Salma Hayek pledges $100,000 to Mexico earthquake victims

The film star has created a fundraising campaign to help the people of her native country.

Salma Hayek has donated $100,000 (£74,123) to Unicef and launched a fundraising campaign to help victims of the earthquake in Mexico.

The film star and humanitarian, who was born in Mexico, urged people to contribute to the global charity after Tuesday’s quake, the deadliest natural disaster the country has seen for more than three decades.

The 7.1-magnitude quake has killed more than 200 people, including 100 in the capital Mexico City.

Hayek revealed her pledge on Instagram, writing to her 4.6 million followers: “The people of my country have now suffered three natural disasters in a row.

“Many children and families are hurt and in terrible need. I’m contributing $100,000 now to Unicef which has teams on the ground responding.

“Please join me and contribute what you can and thank you.”

The Oscar-nominated actress shared the campaign details along with videos in English and Spanish, in which she spoke of her own experience of the earthquake that devastated Mexico City in 1985.
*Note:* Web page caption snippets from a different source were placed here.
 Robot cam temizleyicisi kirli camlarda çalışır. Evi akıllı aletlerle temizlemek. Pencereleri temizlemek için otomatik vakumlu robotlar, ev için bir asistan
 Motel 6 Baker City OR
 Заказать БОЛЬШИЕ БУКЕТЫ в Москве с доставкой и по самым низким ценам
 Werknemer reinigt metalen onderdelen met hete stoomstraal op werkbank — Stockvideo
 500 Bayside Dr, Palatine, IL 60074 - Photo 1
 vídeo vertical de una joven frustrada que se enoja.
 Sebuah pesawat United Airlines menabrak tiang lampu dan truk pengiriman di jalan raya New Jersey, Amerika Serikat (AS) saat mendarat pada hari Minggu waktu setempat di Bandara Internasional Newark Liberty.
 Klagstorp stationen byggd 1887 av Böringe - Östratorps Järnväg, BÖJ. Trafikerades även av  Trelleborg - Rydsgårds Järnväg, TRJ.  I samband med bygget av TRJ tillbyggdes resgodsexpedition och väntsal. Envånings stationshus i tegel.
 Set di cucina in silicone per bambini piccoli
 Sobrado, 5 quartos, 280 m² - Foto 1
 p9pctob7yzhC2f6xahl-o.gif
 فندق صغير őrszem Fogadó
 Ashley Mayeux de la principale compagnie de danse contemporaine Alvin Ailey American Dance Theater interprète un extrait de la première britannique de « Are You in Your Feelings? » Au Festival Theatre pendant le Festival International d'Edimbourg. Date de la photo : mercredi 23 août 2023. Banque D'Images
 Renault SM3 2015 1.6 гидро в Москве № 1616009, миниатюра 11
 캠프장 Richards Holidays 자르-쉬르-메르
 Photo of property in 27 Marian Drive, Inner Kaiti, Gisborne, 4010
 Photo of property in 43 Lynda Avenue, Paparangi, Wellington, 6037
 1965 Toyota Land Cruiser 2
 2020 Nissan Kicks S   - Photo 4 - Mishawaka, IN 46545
She said: “After the 1985 earthquake in Mexico City I was evacuated from my building, a lot of friends died including an uncle that was very, very close to me.

#México mi corazón está contigo México my heart is with you. 🇲🇽

A post shared by Salma Hayek Pinault (@salmahayek) on

“I have lived through the aftermath of a disaster of this magnitude and it is horrific.

“I implore you, I implore to your hearts, to the goodness of your hearts, to your compassion, to help.

“Anything you can give will make a big difference and for starters, I will match the first $100,000 that is donated.”

Tuesday’s disaster occurred on the 32nd anniversary of the 1985 earthquake, and followed an 8.1-magnitude quake off Mexico’s southern coast on September 7.

Mexico was also hit by Hurricane Katia two weeks ago.

Within hours of Hayek’s CrowdRise campaign going live, more than $220,000 (£163,000) had been raised.